**Provided material:**

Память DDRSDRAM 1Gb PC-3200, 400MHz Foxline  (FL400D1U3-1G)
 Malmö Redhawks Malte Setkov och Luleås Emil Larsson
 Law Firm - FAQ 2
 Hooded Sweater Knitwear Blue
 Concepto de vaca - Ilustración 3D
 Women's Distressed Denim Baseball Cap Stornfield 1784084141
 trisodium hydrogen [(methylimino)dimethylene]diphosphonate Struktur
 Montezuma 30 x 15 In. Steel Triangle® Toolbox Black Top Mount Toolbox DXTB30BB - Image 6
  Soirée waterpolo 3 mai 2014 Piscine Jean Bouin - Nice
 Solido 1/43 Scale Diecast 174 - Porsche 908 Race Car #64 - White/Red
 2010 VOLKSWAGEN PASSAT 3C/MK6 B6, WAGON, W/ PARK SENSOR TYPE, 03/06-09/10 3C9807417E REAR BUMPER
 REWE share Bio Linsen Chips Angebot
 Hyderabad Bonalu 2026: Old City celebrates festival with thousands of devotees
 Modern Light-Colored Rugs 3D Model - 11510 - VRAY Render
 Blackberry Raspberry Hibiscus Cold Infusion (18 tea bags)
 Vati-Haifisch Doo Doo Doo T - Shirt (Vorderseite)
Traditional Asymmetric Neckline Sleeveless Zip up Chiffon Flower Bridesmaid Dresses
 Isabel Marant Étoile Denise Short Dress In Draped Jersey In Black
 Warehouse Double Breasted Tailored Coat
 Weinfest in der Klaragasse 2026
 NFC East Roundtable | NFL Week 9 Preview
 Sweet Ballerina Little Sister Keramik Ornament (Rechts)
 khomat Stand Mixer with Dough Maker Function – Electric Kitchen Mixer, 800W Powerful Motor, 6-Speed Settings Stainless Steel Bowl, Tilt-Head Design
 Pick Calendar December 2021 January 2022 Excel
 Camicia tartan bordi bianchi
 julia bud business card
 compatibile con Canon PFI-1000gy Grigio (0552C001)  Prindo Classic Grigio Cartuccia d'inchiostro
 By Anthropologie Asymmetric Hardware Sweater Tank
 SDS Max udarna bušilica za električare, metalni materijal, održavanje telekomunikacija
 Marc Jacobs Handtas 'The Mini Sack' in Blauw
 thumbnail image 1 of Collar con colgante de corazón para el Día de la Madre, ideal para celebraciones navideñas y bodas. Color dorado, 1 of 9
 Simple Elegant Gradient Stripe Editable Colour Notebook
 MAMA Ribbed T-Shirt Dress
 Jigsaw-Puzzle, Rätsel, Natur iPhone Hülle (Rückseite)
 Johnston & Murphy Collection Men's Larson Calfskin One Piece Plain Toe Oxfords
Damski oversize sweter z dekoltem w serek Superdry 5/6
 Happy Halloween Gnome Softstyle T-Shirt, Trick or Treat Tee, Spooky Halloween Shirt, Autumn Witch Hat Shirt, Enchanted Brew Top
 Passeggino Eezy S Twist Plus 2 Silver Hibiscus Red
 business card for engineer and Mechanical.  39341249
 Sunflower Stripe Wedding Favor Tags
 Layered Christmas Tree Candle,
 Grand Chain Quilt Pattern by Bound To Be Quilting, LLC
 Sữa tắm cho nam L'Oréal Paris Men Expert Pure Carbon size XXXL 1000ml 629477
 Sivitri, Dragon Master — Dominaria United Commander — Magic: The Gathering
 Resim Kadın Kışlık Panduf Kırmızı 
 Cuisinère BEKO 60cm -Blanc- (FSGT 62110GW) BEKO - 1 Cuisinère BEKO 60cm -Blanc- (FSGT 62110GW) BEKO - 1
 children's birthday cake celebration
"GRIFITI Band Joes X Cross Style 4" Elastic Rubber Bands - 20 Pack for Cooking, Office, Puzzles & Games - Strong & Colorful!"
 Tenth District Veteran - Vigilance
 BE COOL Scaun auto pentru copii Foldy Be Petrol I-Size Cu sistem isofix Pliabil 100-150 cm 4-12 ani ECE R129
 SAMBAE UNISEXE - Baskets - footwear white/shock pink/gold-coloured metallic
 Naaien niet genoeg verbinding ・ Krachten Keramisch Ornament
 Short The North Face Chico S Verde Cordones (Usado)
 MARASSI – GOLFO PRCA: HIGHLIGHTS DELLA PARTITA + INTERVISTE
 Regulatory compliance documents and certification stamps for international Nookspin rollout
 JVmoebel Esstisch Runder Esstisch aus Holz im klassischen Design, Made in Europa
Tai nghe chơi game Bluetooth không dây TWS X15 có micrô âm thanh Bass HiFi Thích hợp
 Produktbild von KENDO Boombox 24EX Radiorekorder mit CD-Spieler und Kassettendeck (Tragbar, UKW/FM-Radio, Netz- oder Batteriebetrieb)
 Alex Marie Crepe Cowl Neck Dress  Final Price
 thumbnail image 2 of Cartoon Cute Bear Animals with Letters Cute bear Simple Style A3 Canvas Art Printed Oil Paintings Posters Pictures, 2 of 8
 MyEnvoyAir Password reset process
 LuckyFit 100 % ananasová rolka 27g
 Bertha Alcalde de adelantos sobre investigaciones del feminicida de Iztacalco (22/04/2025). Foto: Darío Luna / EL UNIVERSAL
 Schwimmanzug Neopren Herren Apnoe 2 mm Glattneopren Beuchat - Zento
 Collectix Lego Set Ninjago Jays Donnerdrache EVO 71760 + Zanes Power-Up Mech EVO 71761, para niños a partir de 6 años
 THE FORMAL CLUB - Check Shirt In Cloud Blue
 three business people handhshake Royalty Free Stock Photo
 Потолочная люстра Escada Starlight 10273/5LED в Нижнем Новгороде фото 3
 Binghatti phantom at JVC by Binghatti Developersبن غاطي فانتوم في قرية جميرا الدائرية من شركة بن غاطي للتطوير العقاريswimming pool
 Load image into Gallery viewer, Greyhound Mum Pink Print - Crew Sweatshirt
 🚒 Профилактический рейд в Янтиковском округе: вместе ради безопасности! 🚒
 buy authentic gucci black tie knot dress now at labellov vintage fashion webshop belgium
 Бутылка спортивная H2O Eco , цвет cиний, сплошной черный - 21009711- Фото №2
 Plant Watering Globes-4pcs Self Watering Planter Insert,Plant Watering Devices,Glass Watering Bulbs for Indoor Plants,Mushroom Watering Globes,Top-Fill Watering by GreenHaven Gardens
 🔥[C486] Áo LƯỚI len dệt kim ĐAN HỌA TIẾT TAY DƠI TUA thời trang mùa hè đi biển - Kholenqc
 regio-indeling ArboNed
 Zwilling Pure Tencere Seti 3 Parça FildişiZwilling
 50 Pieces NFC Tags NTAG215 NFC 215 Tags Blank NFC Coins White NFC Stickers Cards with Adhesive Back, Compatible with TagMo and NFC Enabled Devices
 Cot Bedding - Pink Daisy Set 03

**Action item:**
Taking the listing above as the source, transcribe only the lines starting at the line with "MAMA Ribbed T-Shirt Dress" and going through the line with "JVmoebel Esstisch Runder", unaltered and with both ends included.

**Answer to this problem:**
 MAMA Ribbed T-Shirt Dress
 Jigsaw-Puzzle, Rätsel, Natur iPhone Hülle (Rückseite)
 Johnston & Murphy Collection Men's Larson Calfskin One Piece Plain Toe Oxfords
Damski oversize sweter z dekoltem w serek Superdry 5/6
 Happy Halloween Gnome Softstyle T-Shirt, Trick or Treat Tee, Spooky Halloween Shirt, Autumn Witch Hat Shirt, Enchanted Brew Top
 Passeggino Eezy S Twist Plus 2 Silver Hibiscus Red
 business card for engineer and Mechanical.  39341249
 Sunflower Stripe Wedding Favor Tags
 Layered Christmas Tree Candle,
 Grand Chain Quilt Pattern by Bound To Be Quilting, LLC
 Sữa tắm cho nam L'Oréal Paris Men Expert Pure Carbon size XXXL 1000ml 629477
 Sivitri, Dragon Master — Dominaria United Commander — Magic: The Gathering
 Resim Kadın Kışlık Panduf Kırmızı 
 Cuisinère BEKO 60cm -Blanc- (FSGT 62110GW) BEKO - 1 Cuisinère BEKO 60cm -Blanc- (FSGT 62110GW) BEKO - 1
 children's birthday cake celebration
"GRIFITI Band Joes X Cross Style 4" Elastic Rubber Bands - 20 Pack for Cooking, Office, Puzzles & Games - Strong & Colorful!"
 Tenth District Veteran - Vigilance
 BE COOL Scaun auto pentru copii Foldy Be Petrol I-Size Cu sistem isofix Pliabil 100-150 cm 4-12 ani ECE R129
 SAMBAE UNISEXE - Baskets - footwear white/shock pink/gold-coloured metallic
 Naaien niet genoeg verbinding ・ Krachten Keramisch Ornament
 Short The North Face Chico S Verde Cordones (Usado)
 MARASSI – GOLFO PRCA: HIGHLIGHTS DELLA PARTITA + INTERVISTE
 Regulatory compliance documents and certification stamps for international Nookspin rollout
 JVmoebel Esstisch Runder Esstisch aus Holz im klassischen Design, Made in Europa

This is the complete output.